Given that, shouldn’t environmentalists and degrowthers be praising Bezos, along with Richard Branson and Elon Musk? They should, but many aren’t. As degrowther and economic anthropologist Jason Hickel tweets: “Billionaires jetting into space for fossil-fuelled joyrides while the planet literally burns is really not a good look.”
The world needs more technological progress and economic growth. Not just to raise living standards and improve economic opportunity in rich countries — as well to deal with global threats both understood and unexpected — but to advance human welfare everywhere. Just one example: A recent analysis by Our World in Data finds that three billion people cannot afford a healthy diet.

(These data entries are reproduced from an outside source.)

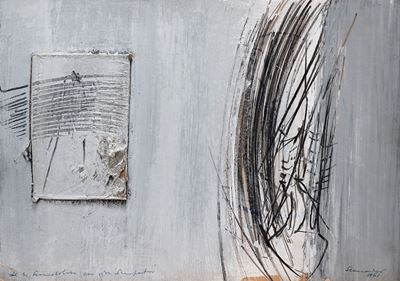 Senza titolo (1961), collage, tempera, sabbia, graffite e pastello su cartone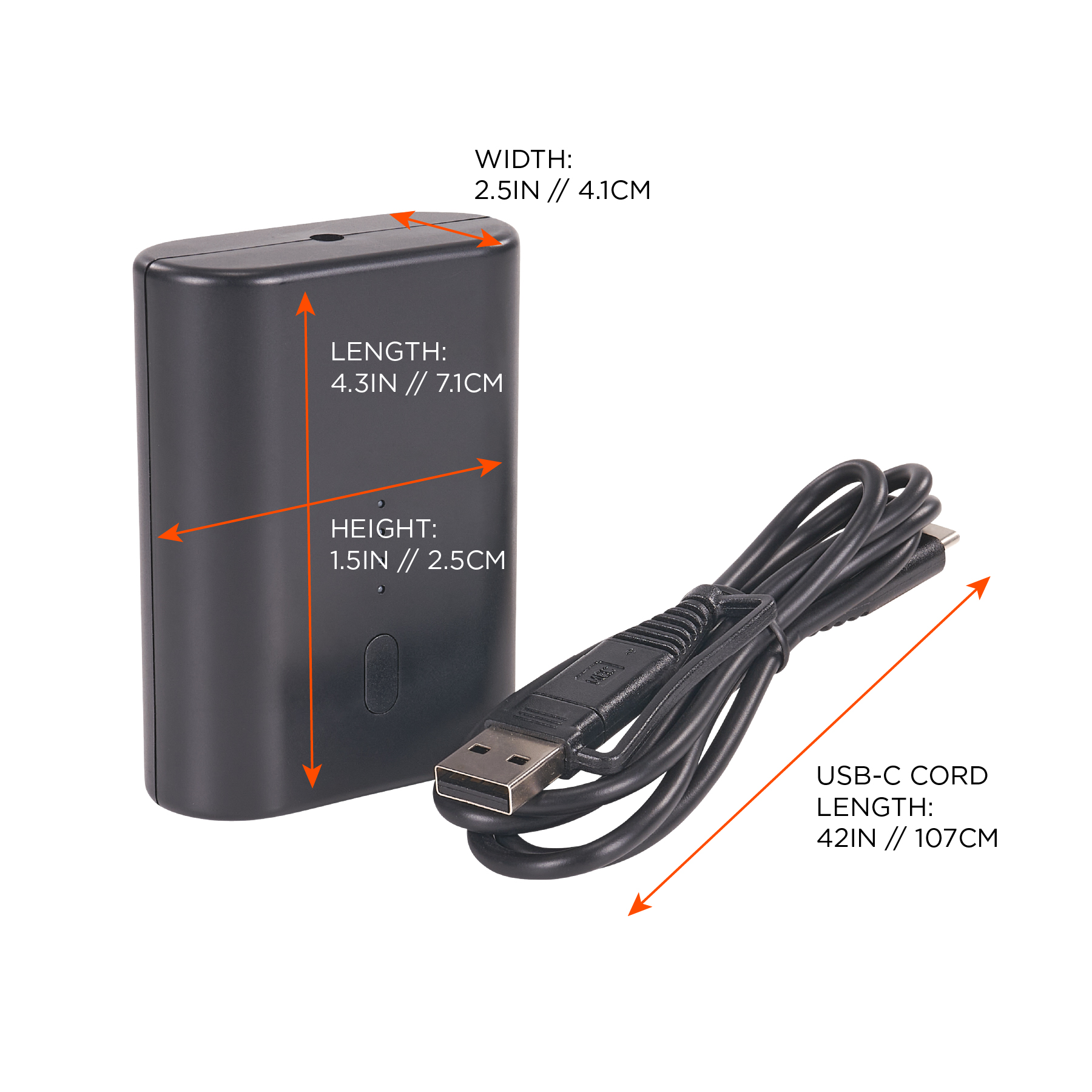 Ergodyne N-Ferno 6495B Portable Battery Power Bank w/ USB-C Cord - 7.2v/5000mAh from GME Supply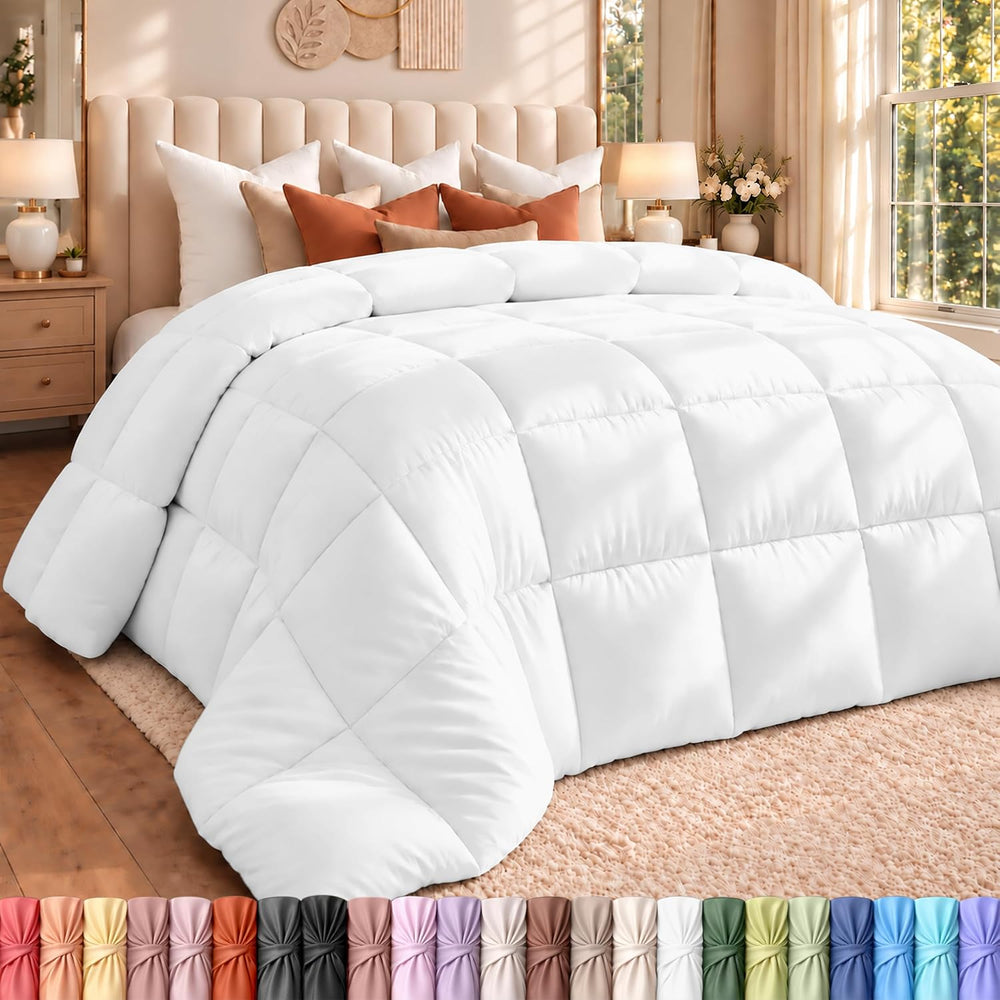 Utopia Bedding Full Size Comforter, Duvet Insert, White, 82 x 86 Inches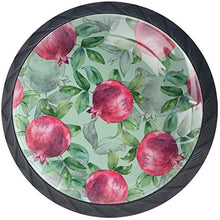 Foglia verde melograno dipinta a mano Pomelli per Porta Set di 4 Pomelli per Mobili Manopole per Cassetti Cucina Armadio Vetro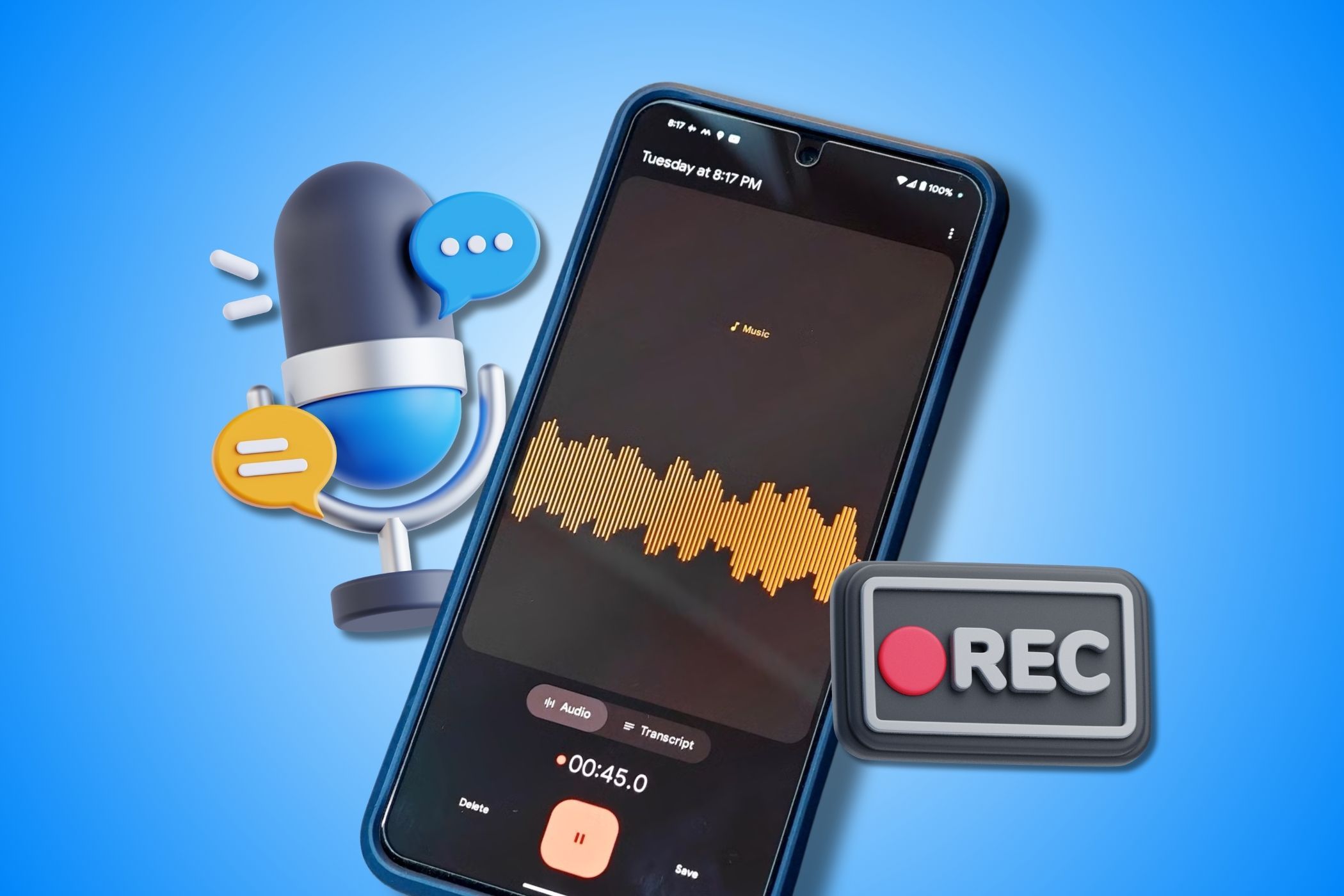 Android phone showing voice recorder app with microphone and Record icons on either side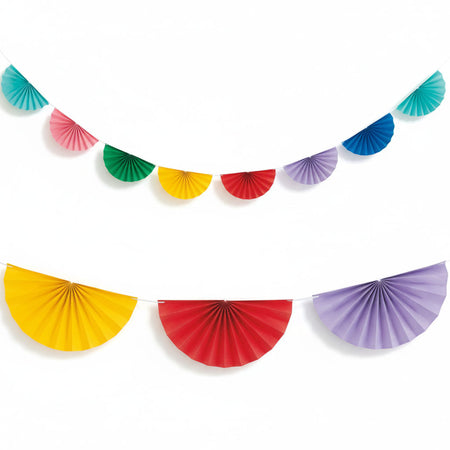 Colourful Scalloped Paper Fan Garland - 2.4m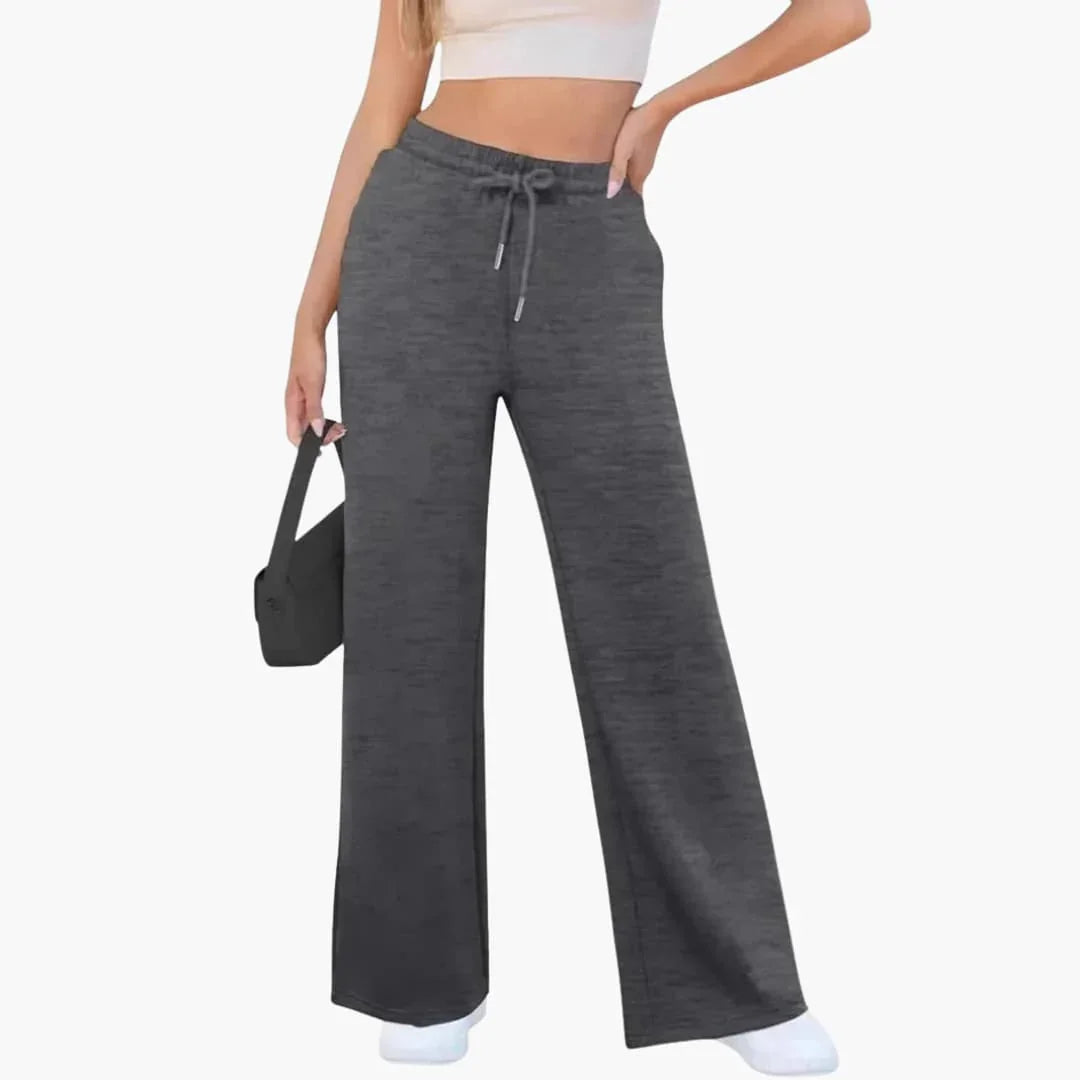 Women's Jogging Pants with Drawstring Waist and Wide Legs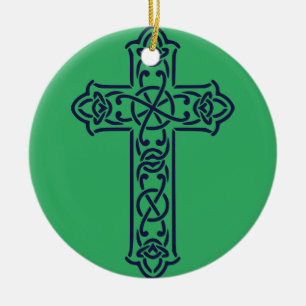 Blue Celtic High cross Ceramic Tree Decoration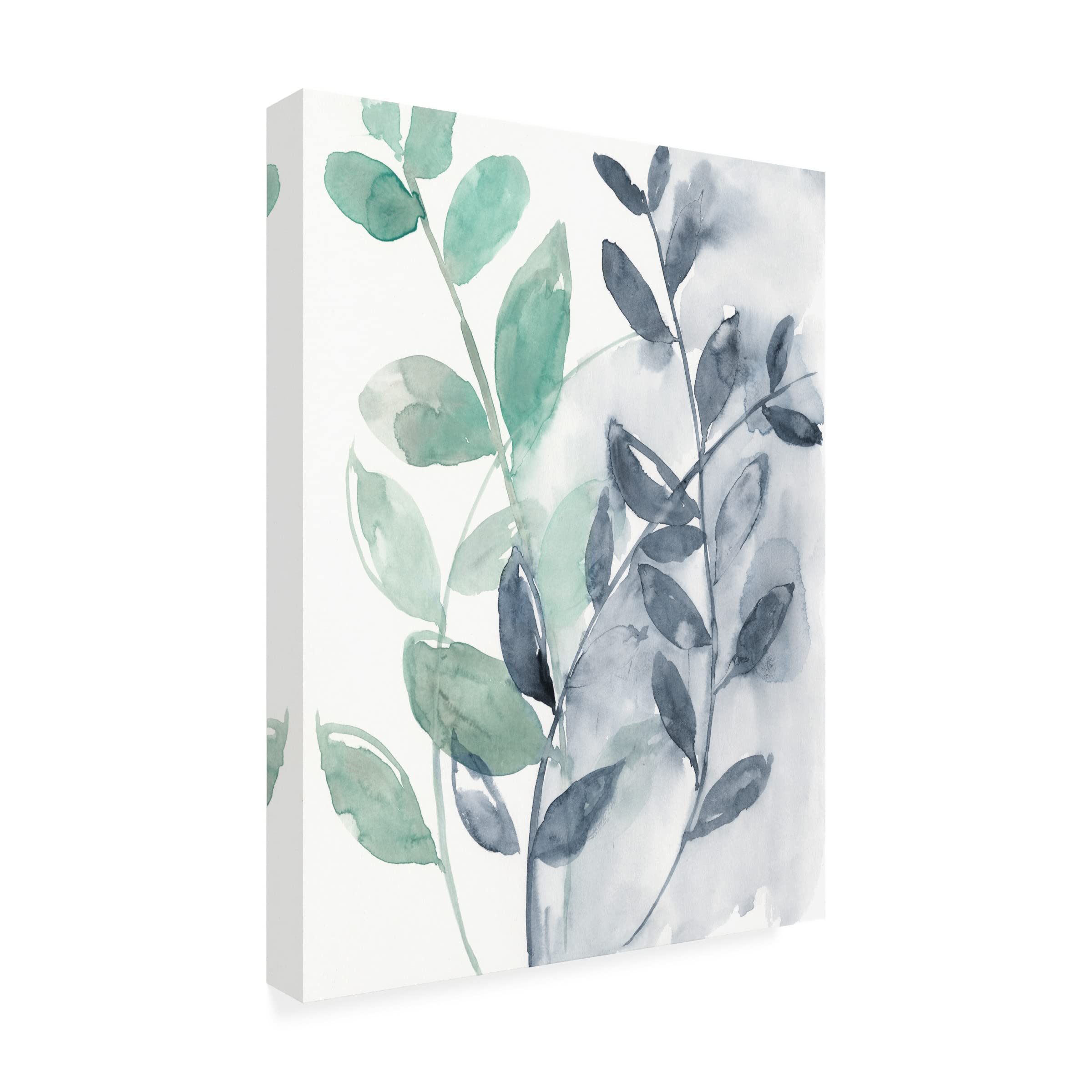 Jennifer Goldberger 'Water Flow Leaves I' Canvas Art Print - Modern Nature Wall Decor for Living Room, Bedroom & Office - Handmade Floral Botanical Painting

I look forward to clubs for rich countries, such as the OECD, one day including all countries.
And as soon as possible. We haven’t any time to waste — a notion that’s illustrated by one of my favorite examples, the Green Revolution. Here’s a bit from the Nobel presentation speech given in honor of agricultural scientist Norman Borlaug when he was awarded the 1970 Peace Prize:
The world has been oscillating between fears of two catastrophes — the population explosion and the atom bomb. Both pose a mortal threat. In this intolerable situation, with the menace of doomsday hanging over us, Dr. Borlaug comes onto the stage and cuts the Gordian knot. He has given us a well-founded hope, an alternative of peace and of life — the green revolution.
Borlaug was the primary figure in research leading to high-yielding crop varieties and agronomic techniques that have prevented maybe a billion starvation deaths. “To Borlaug, affluence was not the problem but the solution,” writes Charles C. Mann in The Wizard and the Prophet: Two Groundbreaking Scientists and Their Conflicting Visions of the Future of Our Planet. “Only by getting richer, smarter, and more knowledgeable can humankind create the science that will resolve our environmental dilemmas. Innovate! Innovate! was Borlaug’s cry. Only in that way can everyone win!”
But what if the Green Revolution had been delayed? That what-if is explored by Douglas Gollin, Casper Worm Hansen, and Asger Wingender note in their 2021 working paper “Two Blades of Grass: The Impact of the Green Revolution. The researchers find that a “ten-year delay of the Green Revolution would in 2010 have cost 17 percent of GDP/capita and added 223 million people to the developing world population. The cumulative GDP loss would have been US$83 trillion, corresponding to one year of current global GDP.” (The bit on added population stems from the income effect on fertility choices. Richer countries have lower fertility rates than poor ones, just as high-income families have fewer kids than low-income ones.)
I hope one day we don’t have to do a study about how much better life might be if we had accelerated humanity’s use of space, both in Earth orbit and beyond.